In general, the answer is yes, what you describe can be a viable optimization direction. Would you be interested in providing a motivating use case? We can of course evaluate potential effect of this optimization on our internal data but it is always helpful to have a customer application to speed up.
Thanks,
Kirill
Hi Kirill,
Yes, I saw the 0.7 update 2 days ago, and this update could be the biggest one. I wanted those separate backward and forward solutions; I can use Schur complement mode too. Multi-GPU mode is nice without the need for NCCL (Windows case). I’m happy that the deterministic mode is implemented. I’m also happy that developers do listen, or they know what people want already.

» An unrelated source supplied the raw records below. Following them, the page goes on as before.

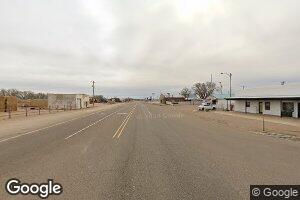 7477 Eagle Dr, Logan, NM 88426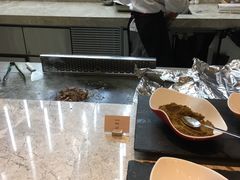 -上海虹桥宾馆味翠餐厅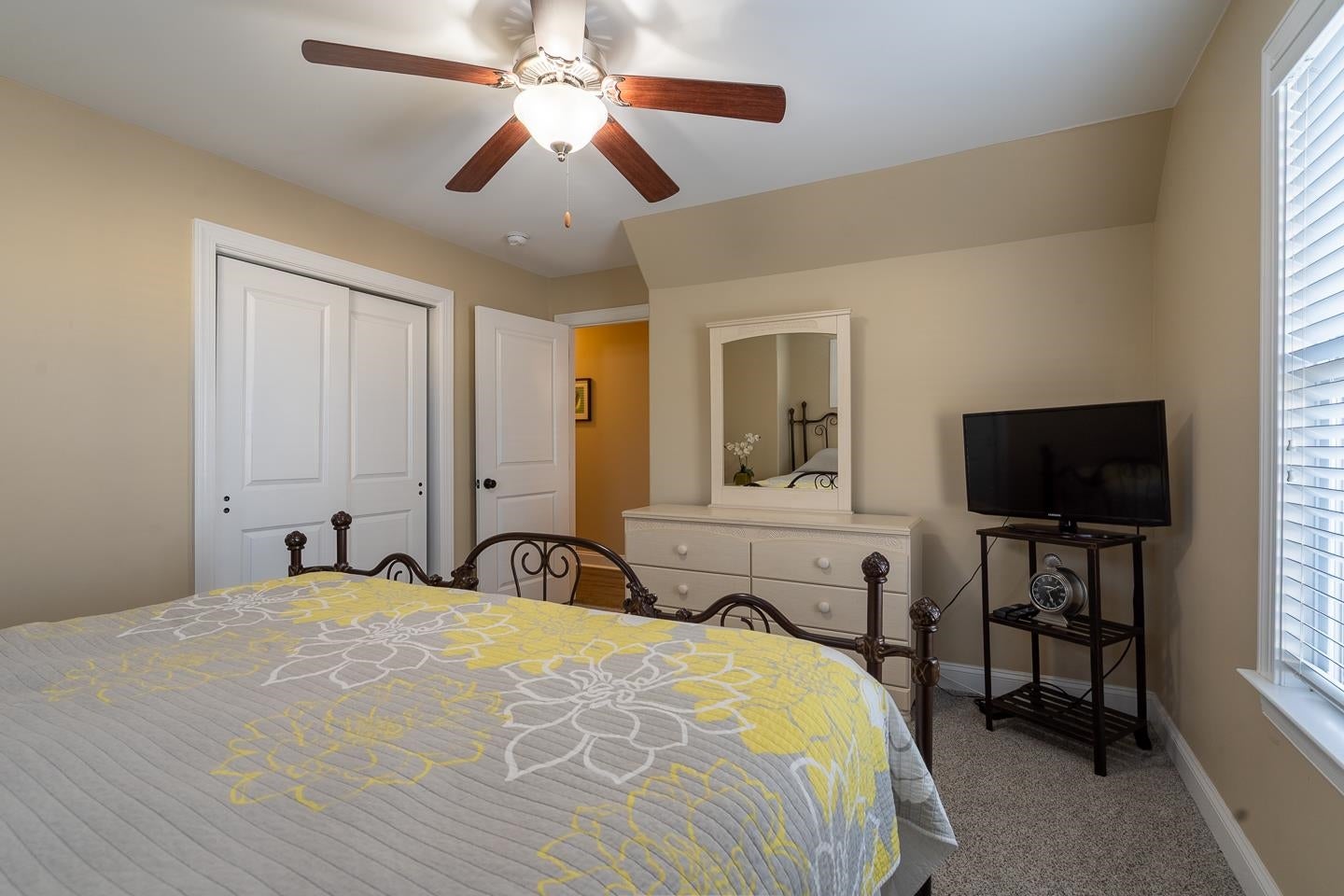 Sea Isle City, New Jersey, 08243, United States, 7 Bedrooms Bedrooms, ,5 BathroomsBathrooms,Residential,Pending,1993611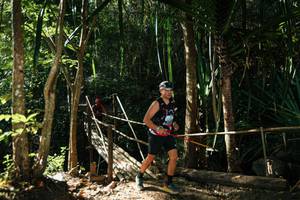 BIB: 
                            <button type="button" onclick="openModal(27967909)" class="btn btn-primary btn-sm float-right btn-popup" data-toggle="modal" data-target=".modal-high-quality">
                        <i class="fas fa-shopping-cart"></i> Add to Cart
                    </button>
                                            <button type="button" onclick="isThisMe(27967909, true)" class="btn btn-success btn-sm float-right btn-popup btn-isme hidden" data-toggle="tooltip" data-placement="bottom" title="นี่คือรูปของคุณใช่ไหม คลิกที่นี่เพื่อเอาเข้าอัลบั้ม">
                        <i class="fas fa-plus"></i> Add to album
                    </button>
                    <button type="button" onclick="isThisMe(27967909, false)" class="btn btn-warning btn-sm float-right btn-popup btn-isnotme hidden">
                        <i class="fas fa-ban"></i> Remove from album
                    </button>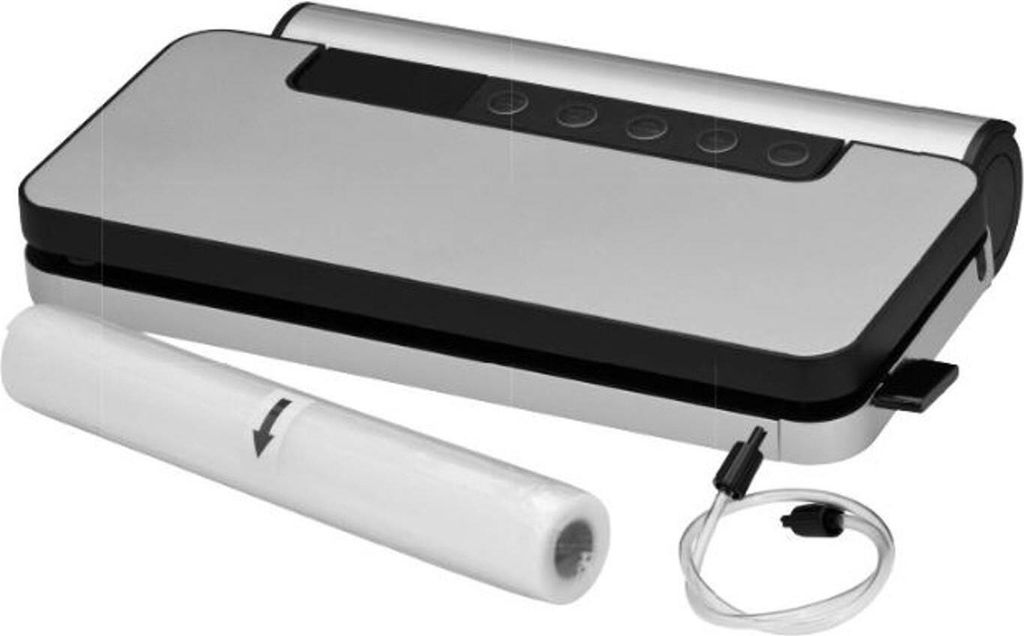 WMF KÜCHENminis Dörrautomat Snack to go Produktbild 34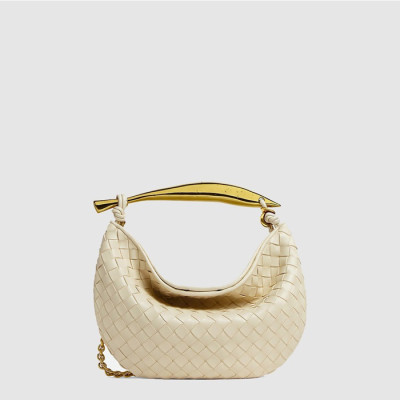 보테가 베네타 여성 사르딘 - Bottega veneta Womens Sardine - bvb14618x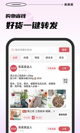 米兰·(milan)中国官方网站2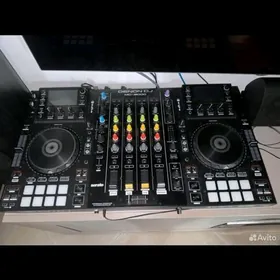 kafe showmen gerek bolsa hawar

My motivation is: let me describe the home-made workstation I have, it is a high-end consumer-grade PC with 8 gaming-grade cards connected to it. They are connected through PCIE and NVME slots (it is a cheap alternative to server-grade options). So, my cards’ link/memory bandwidth between the host is not great; it is not terrible either (3GB/s or 6GB/s), but I think the latency between them is causing issues. I’m guessing this because while the factorization phase takes a small hit when it has to use the host memory to store the factors and the solution phase takes an enormous hit when it needs to access those factors. I also saw this “synchronization issue” when I used multiple GPUs (let’s say 2) to run AI models locally. So, this makes me think that if I’ve used multiple GPUs to factor a matrix and I would run into the same problem again in the solution phase.
The reason I made such a request is this: I’m a geophysicist and I’m modeling EM waves in the frequency domain. So, if I have 30 different frequencies, let’s say, I need to solve 30 different Ax=b (sparse, complex, and symmetric) linear equations set to obtain the earth’s response. I can solve those linear systems iteratively, and that is what I was doing until cuDSS, but if I can factorize all the matrices and hold all of them at the same time, I can use those factors to solve an inverse/optimization problem in a very fast manner. (But I need to use those factors maybe 100 or 200 times for different b vectors. Furthermore, if I have multiple factors, I will need to make a plan for which factors should stay on the GPU side and which ones should stay on the CPU side.)
I know if the factors stay only on the host side, the solution phase on CPU will be slower due to it being memory BW limited, but I believe it is a better option than a GPU trying to access the factors on the host side (at least for my case).
Regards
Deniz